▶ About this exercise: Hunt through the lines below for the string "Paper" and copy each one that has it.

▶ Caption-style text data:
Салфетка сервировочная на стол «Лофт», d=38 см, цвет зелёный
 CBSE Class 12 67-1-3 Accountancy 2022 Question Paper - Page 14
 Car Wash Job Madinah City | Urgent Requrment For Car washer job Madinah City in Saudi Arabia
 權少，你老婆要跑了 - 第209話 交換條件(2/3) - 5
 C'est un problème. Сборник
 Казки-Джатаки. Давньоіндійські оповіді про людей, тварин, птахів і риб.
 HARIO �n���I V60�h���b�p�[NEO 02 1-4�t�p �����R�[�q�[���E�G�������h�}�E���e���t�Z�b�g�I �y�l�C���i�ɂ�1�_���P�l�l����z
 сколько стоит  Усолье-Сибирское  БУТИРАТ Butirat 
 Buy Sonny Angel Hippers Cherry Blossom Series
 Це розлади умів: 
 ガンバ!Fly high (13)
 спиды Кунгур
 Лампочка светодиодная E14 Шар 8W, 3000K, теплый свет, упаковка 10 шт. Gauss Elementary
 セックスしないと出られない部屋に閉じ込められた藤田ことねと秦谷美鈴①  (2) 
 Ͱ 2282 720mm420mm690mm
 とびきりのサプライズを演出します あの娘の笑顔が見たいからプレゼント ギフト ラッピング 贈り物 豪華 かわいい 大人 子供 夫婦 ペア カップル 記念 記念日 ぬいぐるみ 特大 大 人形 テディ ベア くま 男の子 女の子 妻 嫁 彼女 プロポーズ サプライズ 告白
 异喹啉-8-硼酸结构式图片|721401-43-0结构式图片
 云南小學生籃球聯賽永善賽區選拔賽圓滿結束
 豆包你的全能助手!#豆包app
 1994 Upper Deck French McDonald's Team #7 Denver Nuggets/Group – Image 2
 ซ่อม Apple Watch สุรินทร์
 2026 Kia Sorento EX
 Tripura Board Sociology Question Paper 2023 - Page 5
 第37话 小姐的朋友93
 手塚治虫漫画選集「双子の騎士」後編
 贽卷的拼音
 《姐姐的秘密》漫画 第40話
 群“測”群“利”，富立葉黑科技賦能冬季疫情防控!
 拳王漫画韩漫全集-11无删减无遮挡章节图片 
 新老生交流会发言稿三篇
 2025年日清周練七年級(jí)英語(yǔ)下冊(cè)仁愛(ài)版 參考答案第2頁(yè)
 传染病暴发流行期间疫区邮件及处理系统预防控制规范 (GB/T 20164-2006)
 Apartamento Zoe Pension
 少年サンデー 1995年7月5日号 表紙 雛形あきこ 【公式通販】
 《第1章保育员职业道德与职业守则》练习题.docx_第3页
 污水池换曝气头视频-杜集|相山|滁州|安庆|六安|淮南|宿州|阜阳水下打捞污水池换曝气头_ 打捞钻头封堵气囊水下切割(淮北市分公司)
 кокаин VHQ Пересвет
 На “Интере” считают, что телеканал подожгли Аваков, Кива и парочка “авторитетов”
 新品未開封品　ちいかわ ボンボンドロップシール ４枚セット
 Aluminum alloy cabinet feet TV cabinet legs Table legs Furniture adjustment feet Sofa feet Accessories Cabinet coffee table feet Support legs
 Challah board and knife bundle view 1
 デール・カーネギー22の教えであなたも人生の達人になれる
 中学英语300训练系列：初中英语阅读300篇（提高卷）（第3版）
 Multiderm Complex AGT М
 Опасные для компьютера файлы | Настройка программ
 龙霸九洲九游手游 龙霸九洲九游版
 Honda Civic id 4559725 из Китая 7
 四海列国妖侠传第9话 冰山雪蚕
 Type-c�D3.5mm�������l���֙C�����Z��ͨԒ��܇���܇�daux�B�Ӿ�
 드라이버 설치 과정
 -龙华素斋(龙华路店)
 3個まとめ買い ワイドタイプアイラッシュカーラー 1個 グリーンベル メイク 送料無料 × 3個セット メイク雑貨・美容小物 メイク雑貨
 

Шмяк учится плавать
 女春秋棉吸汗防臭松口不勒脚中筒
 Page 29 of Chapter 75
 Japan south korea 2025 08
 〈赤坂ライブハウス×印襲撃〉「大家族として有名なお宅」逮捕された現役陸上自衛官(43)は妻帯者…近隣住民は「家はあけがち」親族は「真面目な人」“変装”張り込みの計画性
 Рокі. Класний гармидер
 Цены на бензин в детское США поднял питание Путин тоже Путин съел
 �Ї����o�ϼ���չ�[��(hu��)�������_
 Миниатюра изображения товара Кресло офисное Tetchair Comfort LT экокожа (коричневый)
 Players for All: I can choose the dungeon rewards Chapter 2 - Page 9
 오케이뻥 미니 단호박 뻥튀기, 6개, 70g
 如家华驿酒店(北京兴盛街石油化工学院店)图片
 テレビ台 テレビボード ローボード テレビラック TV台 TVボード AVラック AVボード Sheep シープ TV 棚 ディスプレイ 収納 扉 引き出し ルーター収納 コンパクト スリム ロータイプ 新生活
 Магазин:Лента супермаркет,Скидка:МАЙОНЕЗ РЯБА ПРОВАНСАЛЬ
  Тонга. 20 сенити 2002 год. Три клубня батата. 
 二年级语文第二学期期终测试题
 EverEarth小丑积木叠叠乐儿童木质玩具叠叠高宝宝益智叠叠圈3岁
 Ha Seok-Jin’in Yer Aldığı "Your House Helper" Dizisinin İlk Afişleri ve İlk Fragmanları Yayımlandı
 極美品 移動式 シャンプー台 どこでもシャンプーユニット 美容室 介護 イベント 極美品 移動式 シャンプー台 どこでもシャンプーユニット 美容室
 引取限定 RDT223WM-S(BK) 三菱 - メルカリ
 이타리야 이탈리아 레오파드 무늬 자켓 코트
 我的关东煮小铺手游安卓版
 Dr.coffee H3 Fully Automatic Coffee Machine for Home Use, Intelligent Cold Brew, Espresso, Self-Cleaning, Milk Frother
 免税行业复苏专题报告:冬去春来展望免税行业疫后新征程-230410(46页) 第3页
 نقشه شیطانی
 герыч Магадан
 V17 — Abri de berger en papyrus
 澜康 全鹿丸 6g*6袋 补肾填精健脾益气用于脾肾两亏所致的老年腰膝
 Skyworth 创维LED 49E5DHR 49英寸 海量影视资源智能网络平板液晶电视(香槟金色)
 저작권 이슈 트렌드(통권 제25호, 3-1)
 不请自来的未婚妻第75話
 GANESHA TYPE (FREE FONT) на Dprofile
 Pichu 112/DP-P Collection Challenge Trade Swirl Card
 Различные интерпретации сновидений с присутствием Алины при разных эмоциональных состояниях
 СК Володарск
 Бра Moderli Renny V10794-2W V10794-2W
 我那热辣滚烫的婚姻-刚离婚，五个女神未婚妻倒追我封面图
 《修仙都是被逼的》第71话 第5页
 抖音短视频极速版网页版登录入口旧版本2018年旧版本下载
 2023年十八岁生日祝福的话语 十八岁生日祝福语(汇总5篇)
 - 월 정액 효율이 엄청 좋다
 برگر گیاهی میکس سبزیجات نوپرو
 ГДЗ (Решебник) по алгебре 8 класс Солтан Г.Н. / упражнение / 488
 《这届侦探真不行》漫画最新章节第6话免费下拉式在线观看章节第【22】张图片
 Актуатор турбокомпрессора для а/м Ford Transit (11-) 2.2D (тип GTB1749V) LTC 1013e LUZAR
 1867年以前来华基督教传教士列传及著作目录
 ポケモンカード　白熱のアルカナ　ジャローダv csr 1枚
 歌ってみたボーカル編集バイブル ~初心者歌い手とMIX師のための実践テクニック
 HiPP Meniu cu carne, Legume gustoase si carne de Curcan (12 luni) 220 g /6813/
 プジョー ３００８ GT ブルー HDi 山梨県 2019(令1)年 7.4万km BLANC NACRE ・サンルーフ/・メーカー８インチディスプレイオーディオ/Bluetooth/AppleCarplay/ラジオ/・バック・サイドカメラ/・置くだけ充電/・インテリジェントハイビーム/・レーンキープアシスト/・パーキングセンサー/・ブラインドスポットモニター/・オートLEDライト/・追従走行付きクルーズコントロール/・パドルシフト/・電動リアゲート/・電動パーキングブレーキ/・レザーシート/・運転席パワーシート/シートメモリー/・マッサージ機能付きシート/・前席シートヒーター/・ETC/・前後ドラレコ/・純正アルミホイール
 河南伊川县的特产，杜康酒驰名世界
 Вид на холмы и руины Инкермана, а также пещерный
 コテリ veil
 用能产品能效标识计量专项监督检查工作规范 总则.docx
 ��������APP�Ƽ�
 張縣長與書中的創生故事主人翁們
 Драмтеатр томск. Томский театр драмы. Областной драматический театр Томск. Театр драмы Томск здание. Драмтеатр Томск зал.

▶ Answer section:
 CBSE Class 12 67-1-3 Accountancy 2022 Question Paper - Page 14
 Tripura Board Sociology Question Paper 2023 - Page 5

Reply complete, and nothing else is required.